§ **Provided records**
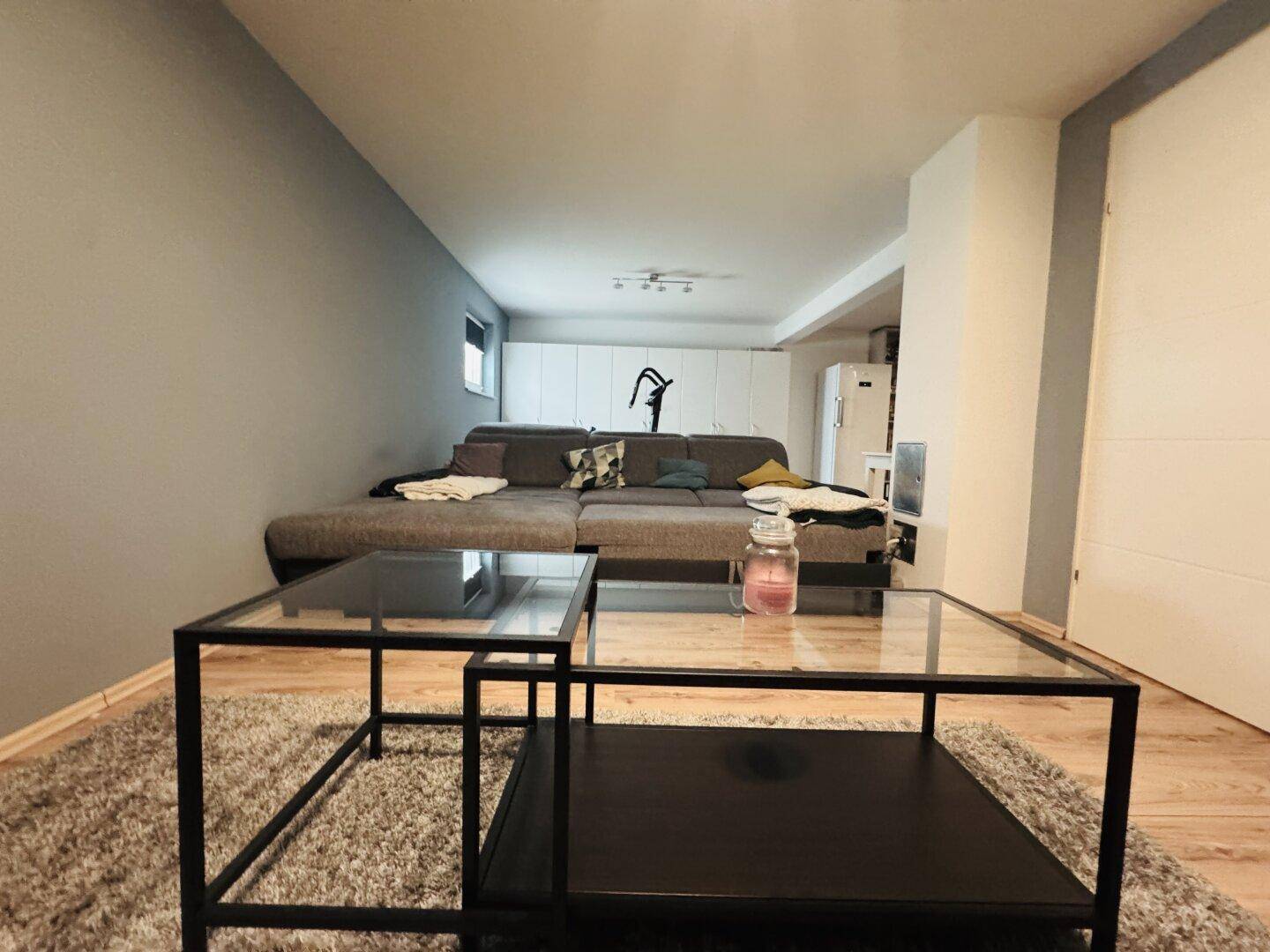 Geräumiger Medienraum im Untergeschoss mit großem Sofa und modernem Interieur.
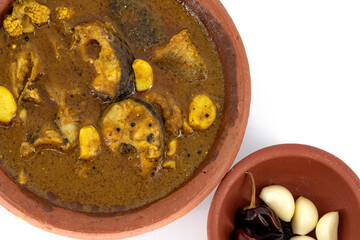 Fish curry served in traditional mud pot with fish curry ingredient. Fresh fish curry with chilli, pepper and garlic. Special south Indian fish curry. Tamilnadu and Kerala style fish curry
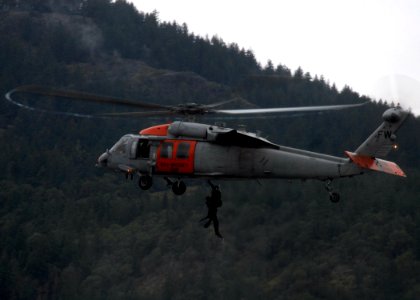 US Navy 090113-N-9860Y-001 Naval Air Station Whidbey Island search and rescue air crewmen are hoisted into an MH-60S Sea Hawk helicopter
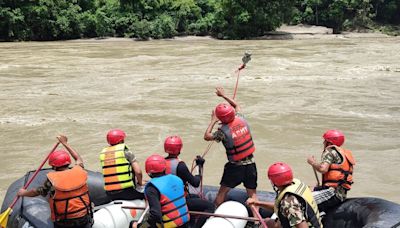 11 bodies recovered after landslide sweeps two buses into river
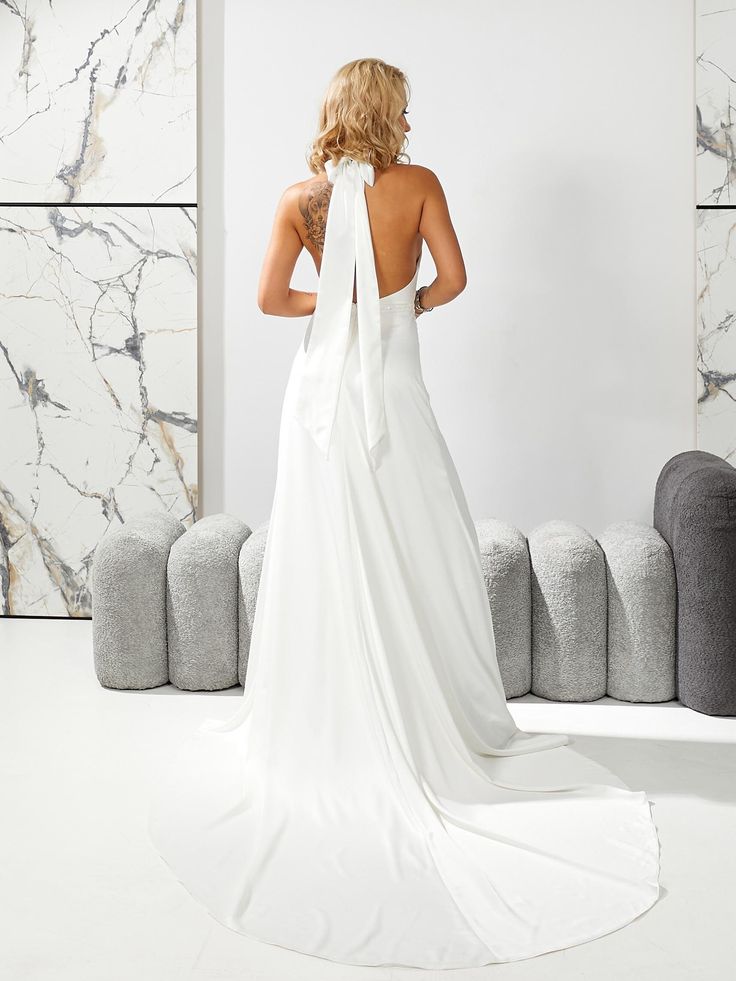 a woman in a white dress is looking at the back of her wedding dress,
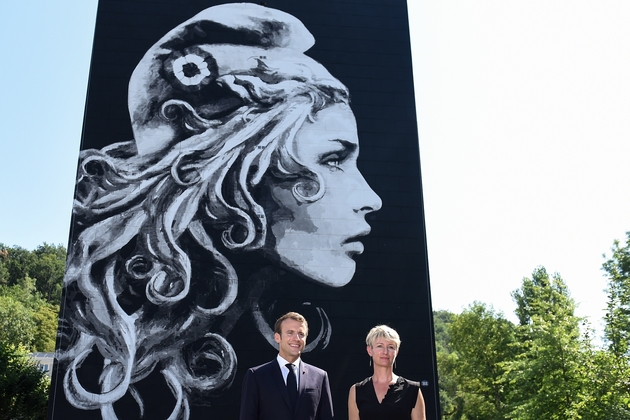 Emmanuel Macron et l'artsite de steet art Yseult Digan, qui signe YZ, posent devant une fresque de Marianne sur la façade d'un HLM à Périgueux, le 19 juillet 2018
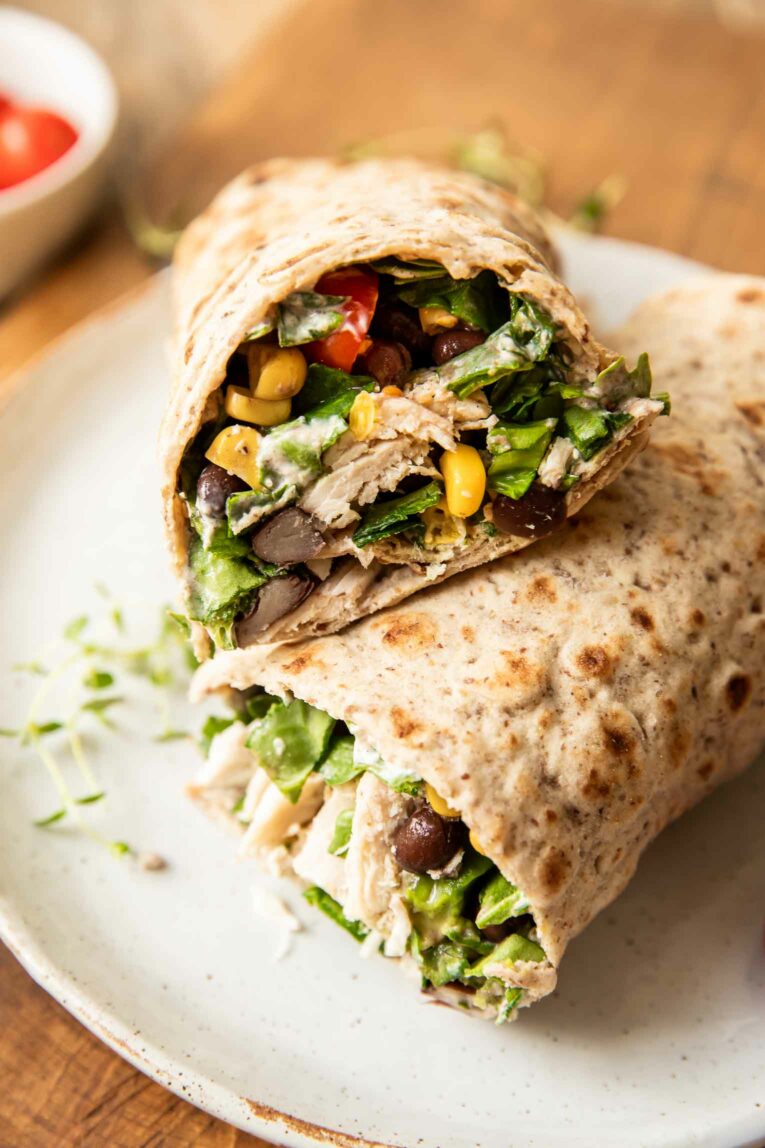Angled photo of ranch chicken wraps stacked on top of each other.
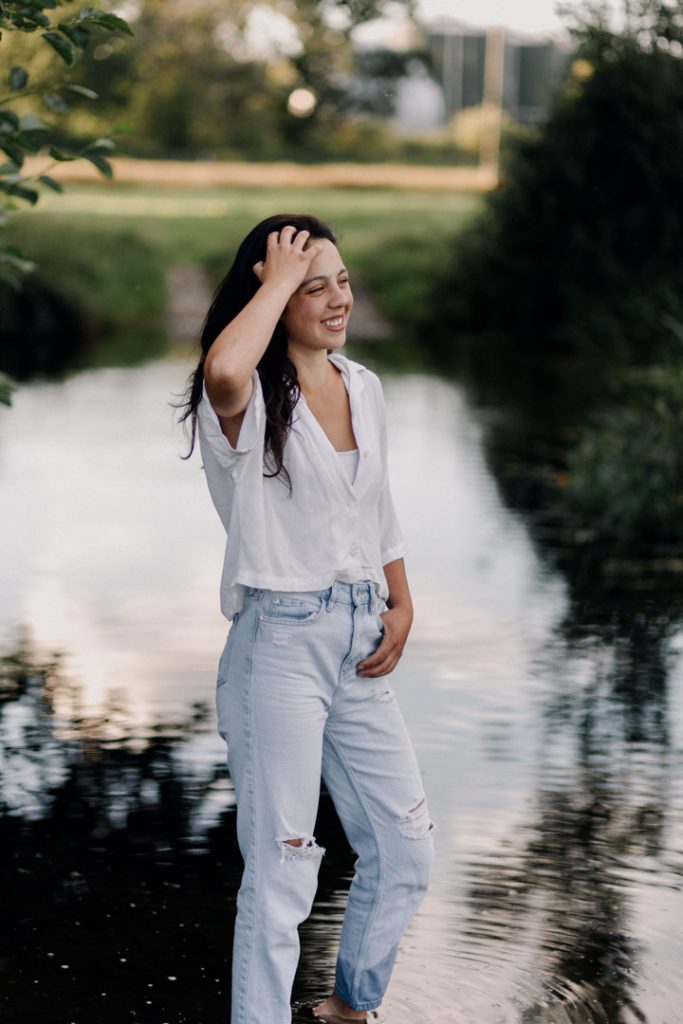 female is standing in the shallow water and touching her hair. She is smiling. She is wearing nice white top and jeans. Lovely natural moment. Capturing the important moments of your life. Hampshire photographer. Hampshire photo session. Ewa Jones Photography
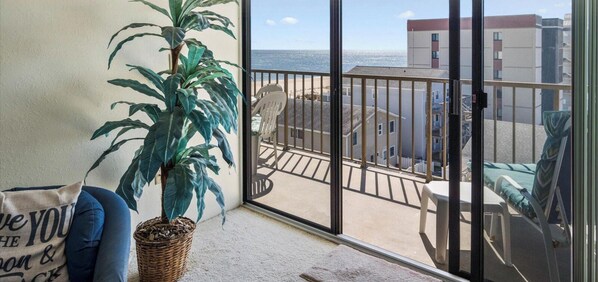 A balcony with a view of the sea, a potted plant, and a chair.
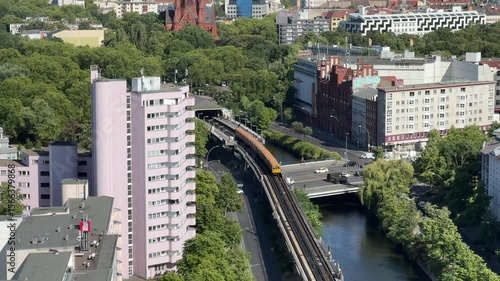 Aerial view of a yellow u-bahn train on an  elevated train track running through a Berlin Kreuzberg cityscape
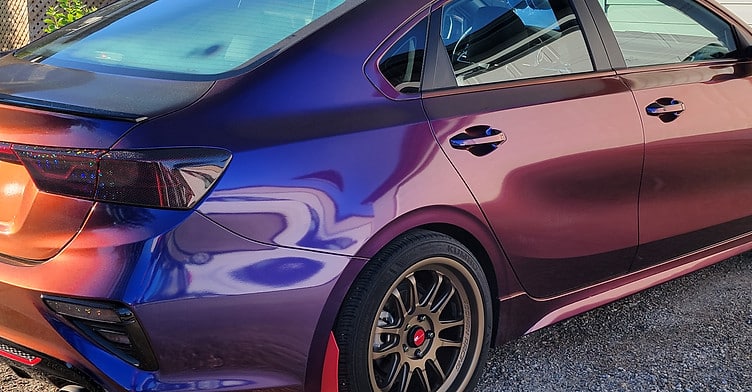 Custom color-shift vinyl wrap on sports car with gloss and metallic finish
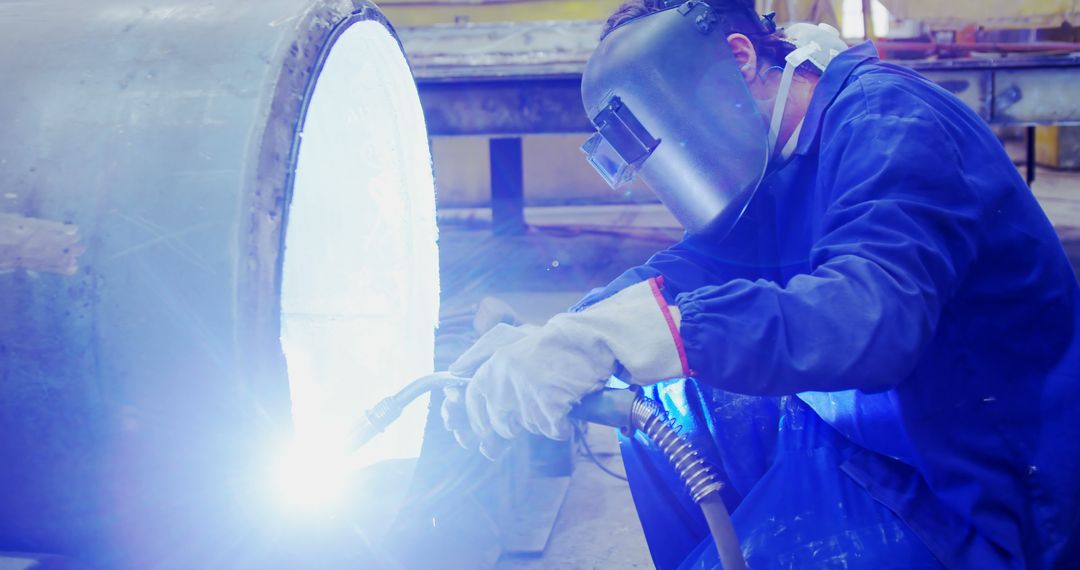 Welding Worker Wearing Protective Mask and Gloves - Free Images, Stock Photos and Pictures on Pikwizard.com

§ **Problem**
All lines from the one containing "11 bodies recovered" to the last line of the data above, both included, should be printed exactly, and the pictures should not appear.

§ **Result of this task**
 11 bodies recovered after landslide sweeps two buses into river
 a woman in a white dress is looking at the back of her wedding dress,
 Emmanuel Macron et l'artsite de steet art Yseult Digan, qui signe YZ, posent devant une fresque de Marianne sur la façade d'un HLM à Périgueux, le 19 juillet 2018
Angled photo of ranch chicken wraps stacked on top of each other.
 female is standing in the shallow water and touching her hair. She is smiling. She is wearing nice white top and jeans. Lovely natural moment. Capturing the important moments of your life. Hampshire photographer. Hampshire photo session. Ewa Jones Photography
 A balcony with a view of the sea, a potted plant, and a chair.
 Aerial view of a yellow u-bahn train on an  elevated train track running through a Berlin Kreuzberg cityscape
 Custom color-shift vinyl wrap on sports car with gloss and metallic finish
 Welding Worker Wearing Protective Mask and Gloves - Free Images, Stock Photos and Pictures on Pikwizard.com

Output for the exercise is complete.